Startups in San Francisco raise $18 million just to afford the compute.
Some raise hundreds of millions.
We're doing the same kind of work bootstrapped. No venture capital. Essentially no leverage.
I want to be honest about why we can even attempt that, because the honest version is uncomfortable.
We got lucky, and luck isn't a strategy
Before this, we built a fintech company. It made money.
We still earn monthly revenue from a SaaS business we wound down.
That cushion is the only reason we could absorb what building AI costs.
Without it, we would not have started. Full stop.
The cost is the gate
People assume the hard part of AI is the ideas, or the engineering talent.
For a growing number of teams, it isn't. It's the bill.
To fine-tune real models you need GPUs. Renting them - if you can even get a quota - runs into thousands of dollars a week.
We were quoted $14,000 a week by one provider.
That cost lands before you ship a single feature. Before you even know if the thing works.
So the question stops being "can you build it?"

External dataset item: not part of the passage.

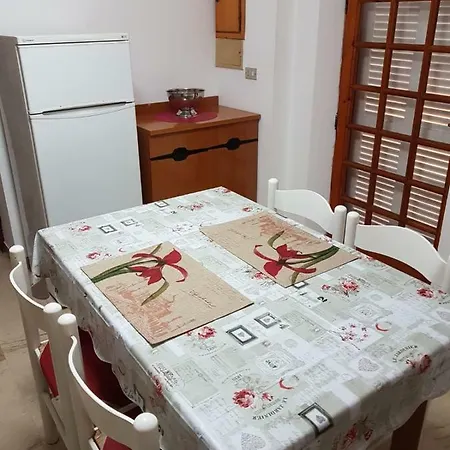 Villetta Costa Degli Dei Semesterbostad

It becomes "can you afford to find out?"
This isn't an anti-VC rant
Venture capital isn't the villain here.
For a lot of companies it's the right tool, and the best investors earn their keep many times over.
The problem is narrower, and more structural than "VC bad."
When the cheapest way to learn whether your idea works costs more than most people will ever raise, the decision about what gets built moves upstream - to whoever controls the capital.
The model doesn't get a vote. Neither does the market.
The check does.
What that does to who gets to build
When the entry fee is millions, the field narrows to people who already have millions - or who can convince someone with millions to write a check.
That isn't a meritocracy.
It's a filter on access to capital, dressed up as a filter on ability.
The most capable builder in a mid-size Canadian city, or in Lagos, or in São Paulo, may simply never get to try.
Not because they can't.
Because they can't afford the room.
Why this matters even if you'll never train a model
If only the well-funded can build AI, then AI gets built by a very narrow slice of the world.
And it inherits that slice's blind spots.
The tools everyone ends up depending on get shaped by whoever could afford to make them.
That should bother you even if you never plan to touch a model yourself.
What we're trying to do about it
We can't fix the cost of GPUs.
But we can refuse to hoard what we learn paying it.
Everything we build ships open weight and open source at getsimpledirect.com - models, datasets, and the methods we figured out the expensive way.
The goal is simple: lower the entry fee for the next team by as much as we possibly can.
We made it into the room the slow way.
The least we can do is leave the door open behind us.
The line I keep coming back to
The barrier to building AI isn't talent.
It's whether you can afford to be in the room.
Until that changes, the most useful thing the people already inside can do is hand the next person a key.